Dropping every picture, set down exactly the lines in the entries below, starting with the line with "MagBadge Bottle zilver" and going on through the line with "Pretty Vintage Ladies".

# [DATA SUPPLIED]
━━━━━━━━

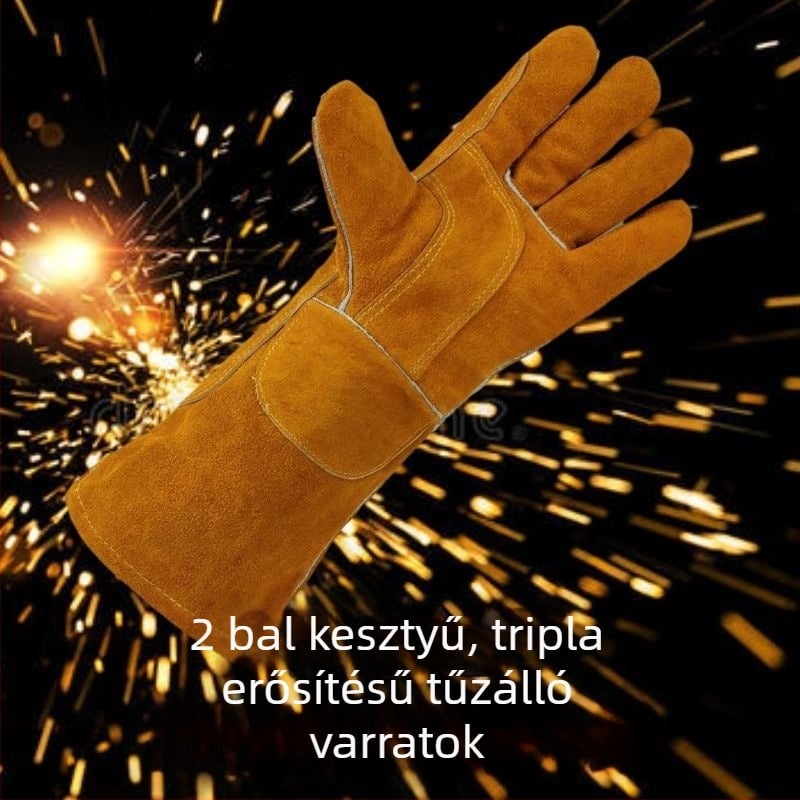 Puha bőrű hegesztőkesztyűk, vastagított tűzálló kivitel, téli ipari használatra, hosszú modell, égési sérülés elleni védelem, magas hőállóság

━━━━━━━━

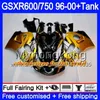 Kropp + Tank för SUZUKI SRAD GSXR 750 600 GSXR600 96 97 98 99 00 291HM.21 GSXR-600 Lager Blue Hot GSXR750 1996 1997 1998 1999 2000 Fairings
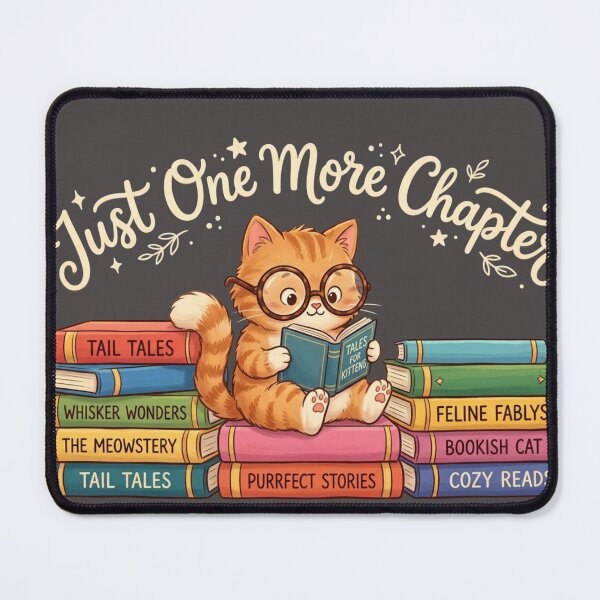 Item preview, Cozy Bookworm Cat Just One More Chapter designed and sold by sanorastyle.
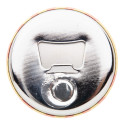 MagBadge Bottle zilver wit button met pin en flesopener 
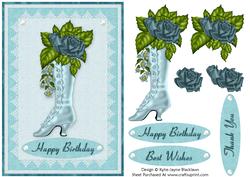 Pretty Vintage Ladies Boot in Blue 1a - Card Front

━━━━━━━━

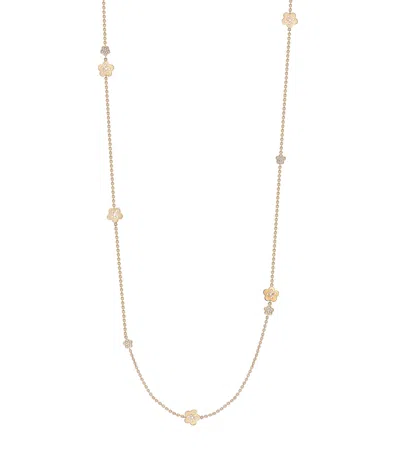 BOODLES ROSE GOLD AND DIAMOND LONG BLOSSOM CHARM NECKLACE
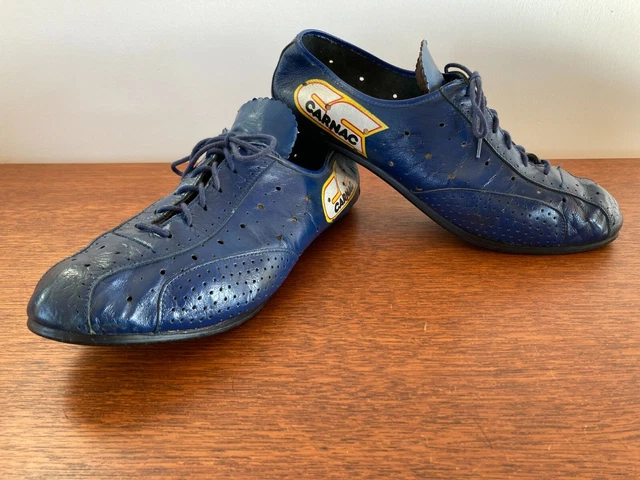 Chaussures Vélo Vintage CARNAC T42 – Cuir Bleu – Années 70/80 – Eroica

━━━━━━━━

# [TASK SOLUTION]
 MagBadge Bottle zilver wit button met pin en flesopener 
 Pretty Vintage Ladies Boot in Blue 1a - Card Front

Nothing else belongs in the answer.